A imprensa periódica constitui uma fonte inesgotável da memória escrita para todos aqueles que se interessam por (re)fazer história.
Ao nível local e regional os jornais são quantas vezes, dos poucos elementos que se possuem para reconstituir aspectos da vida social, política e até económica.
Um jornal apesar de ser um sujeito que pretende influenciar a história, reflecte sempre, mesmo de modo contraditório, as preocupações de determinados grupos sociais, forças económicas, religiosas ou outras. Esta asserção é particularmente válida quando nos reportamos à imprensa do princípio do século, dado que era o lugar privilegiado da luta ideológica e política - ponto de intersecção entre a história e as mentalidades.
Setúbal conheceu desde 1855, data em que aparece o seu primeiro jornal e até finais dos anos 20 várias dezenas de publicações periódicas.

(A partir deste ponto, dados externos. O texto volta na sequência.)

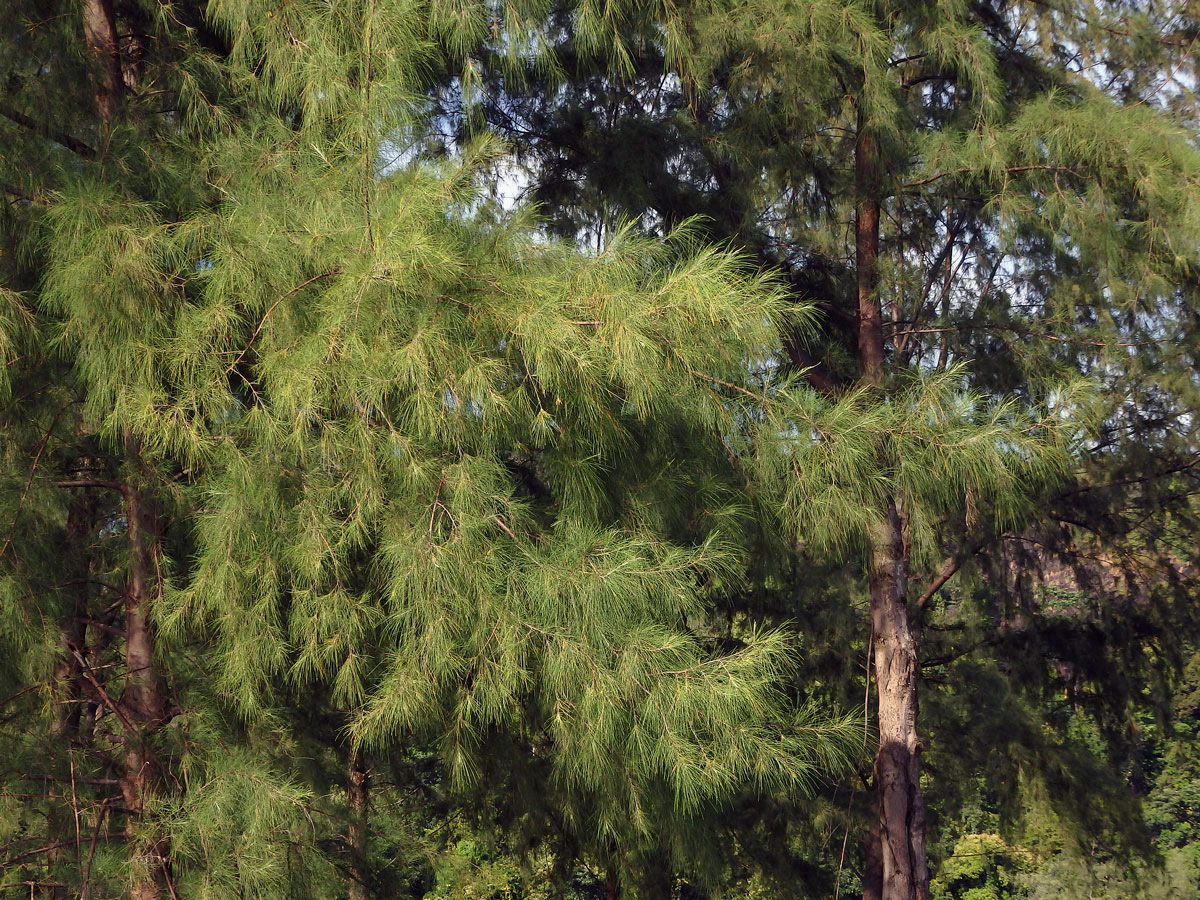 Přesličník přesličkolistý (Casuarina equisetifolia L.)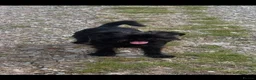 Griffon Bruxellois dogs for sale: 🐾 Griffon Bruxellois 🐾 in Port Talbot - Advert 9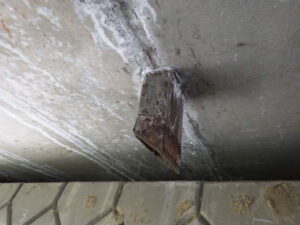 橋梁の既設排水装置の腐食、漏水、伝い水の写真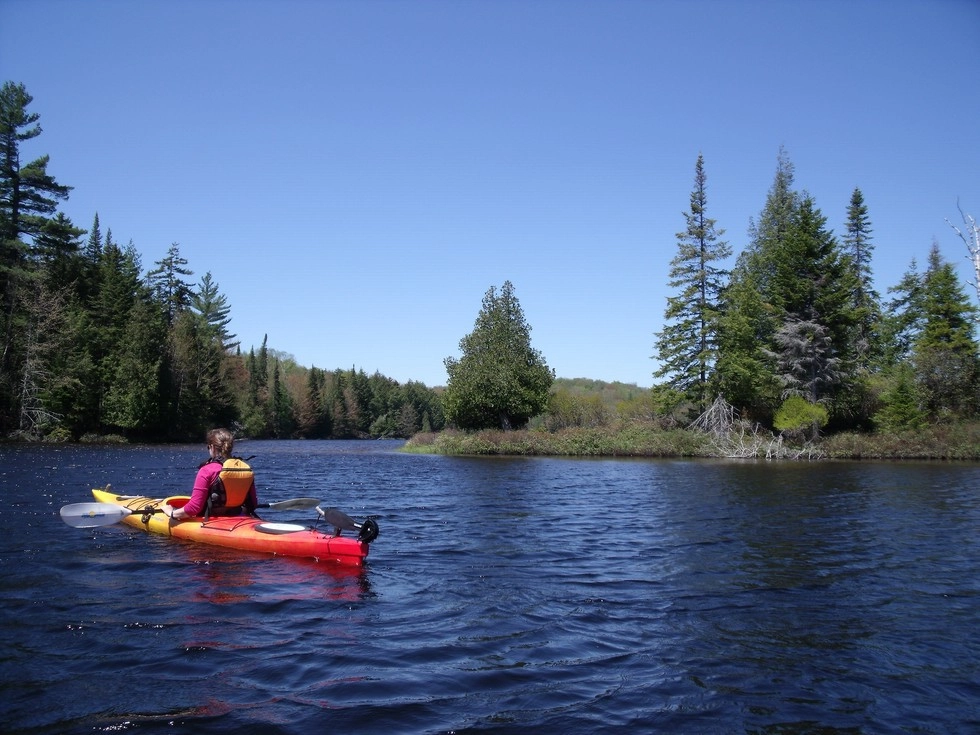 A kayaker nears the shore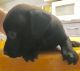 Patterdale Terrier Puppies for sale in Flatwoods, KY 41139, USA. price: NA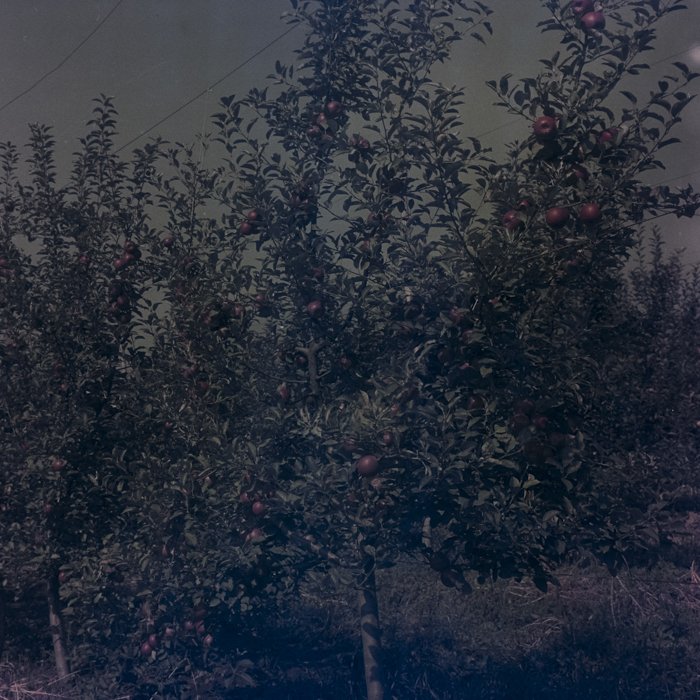 minerva_dn_1969_386_cules_de_mere_0016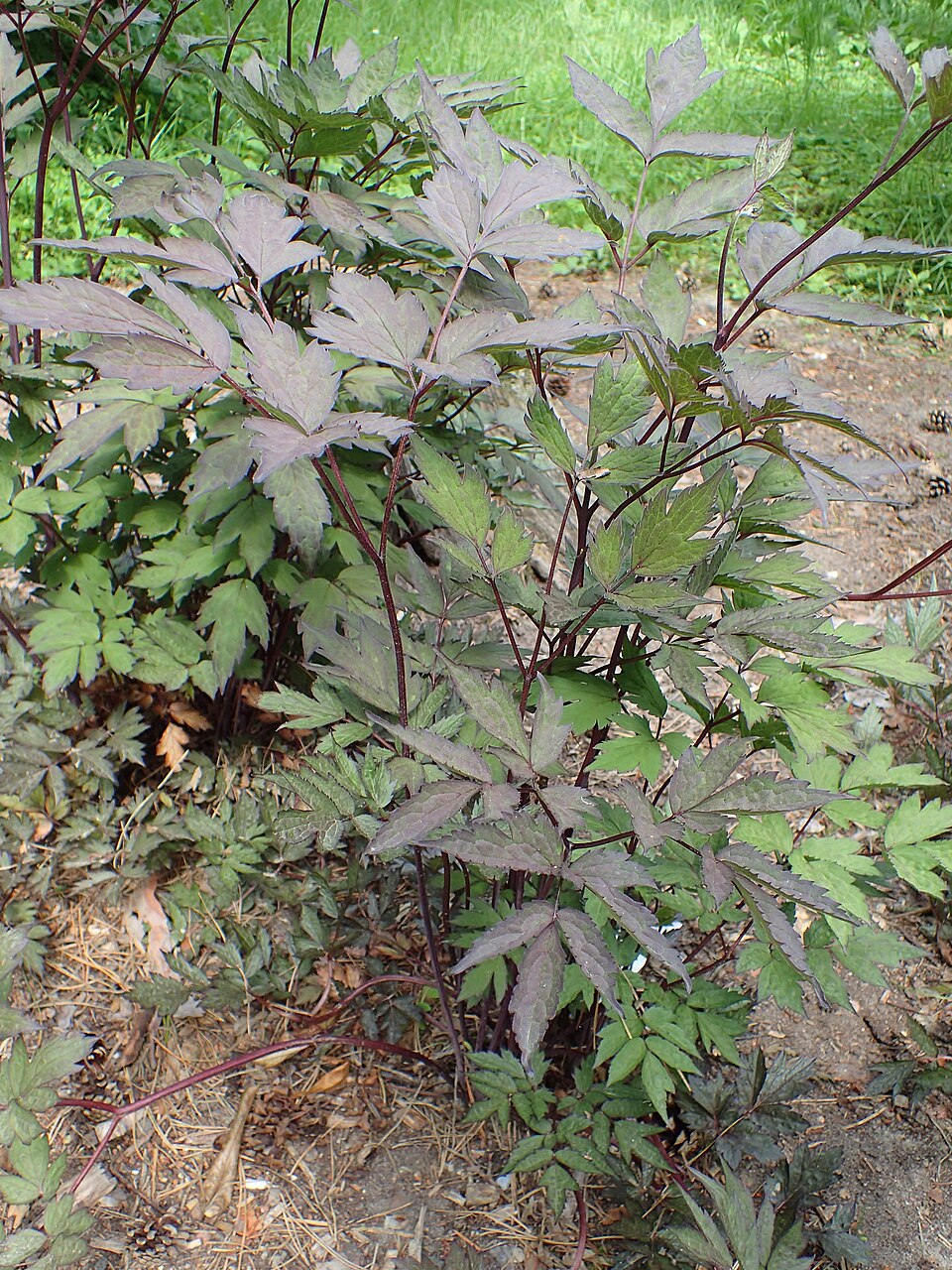 Actaea Simplex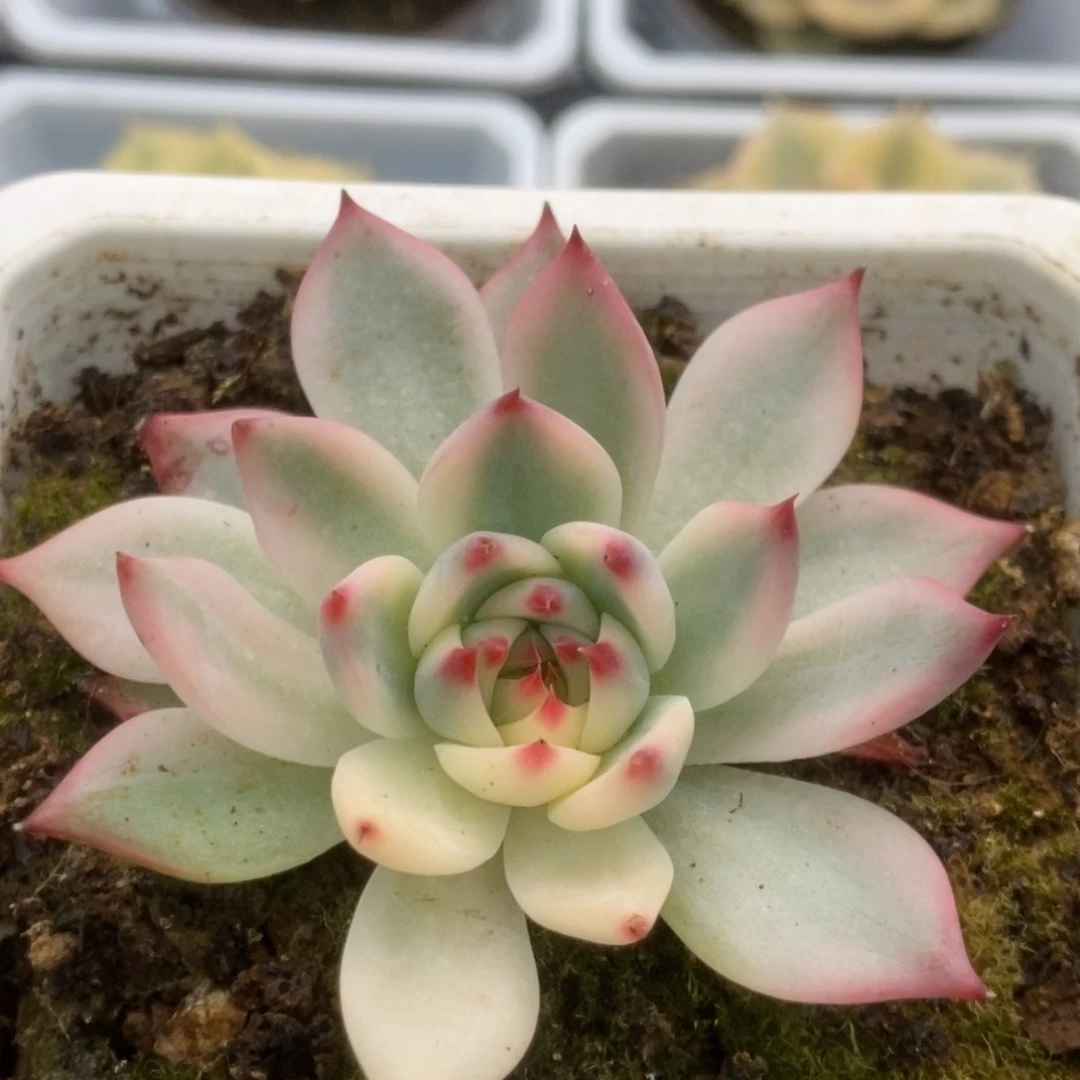 168锦锦锦锦锦锦锦锦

De todos os jornais que conhecemos, o "Germinal" terá sido, certamente, o que mais abalou os brandos costumes desta cidade operária na primeira década deste século. Profundamente ligado aos sectores mais radicalizados do operariado setubalense e ideologicamente inspirado nas opiniões anarquistas, vai ter uma vida difícil e arquiatribulada.
A perseguição policial movida pela realeza e depois pelos republicanos, as lutas internas, a suspensão da publicação e prisão dos seus mais destacados colaboradores, vão povoar o quotidiano deste semanário setubalense.
Numa conjuntura social e política caracterizada pelo reforço dos partidos republicanos, e pelo apagamento e declínio dos partidos socialistas, o "Germinal" é a expressão ideológica do protesto social pela "independência e a autonomia de classe face ao poder burguês" para utilizar as suas próprias expressões.
Encarnando o espírito polémico dos libertários move uma peleja infatigável contra a falta de liberdades políticas e sindicais, contra a tradição e contra alguns dos dogmas mais enraizados no tecido social.
Sendo um jornal setubalense ultrapassou as fronteiras do paroquialismo, afirmando-se desde a primeira hora como internacionalista;
Numa sociedade profundamente patriarcal, ousou afirmar-se feminista na defesa reiterada dos direitos das mulheres;
Numa sociedade em que mais de 90% da população era católica, ergueu as bandeiras do anticlericalismo, responsabilizando a Igreja e a religião pela situação de opressão vivida pelo povo.
Conspirou ruidosamente contra todos os silêncios construídos em volta de uma organização social que considerava imoral e injusta.
Apaixonado pela liberdade, valor que considerava sagrado e indiscutível, o Germinal constitui uma experiência única escapando ao policiamento da moral estabelecida e ao conformismo perante os poderes vigentes.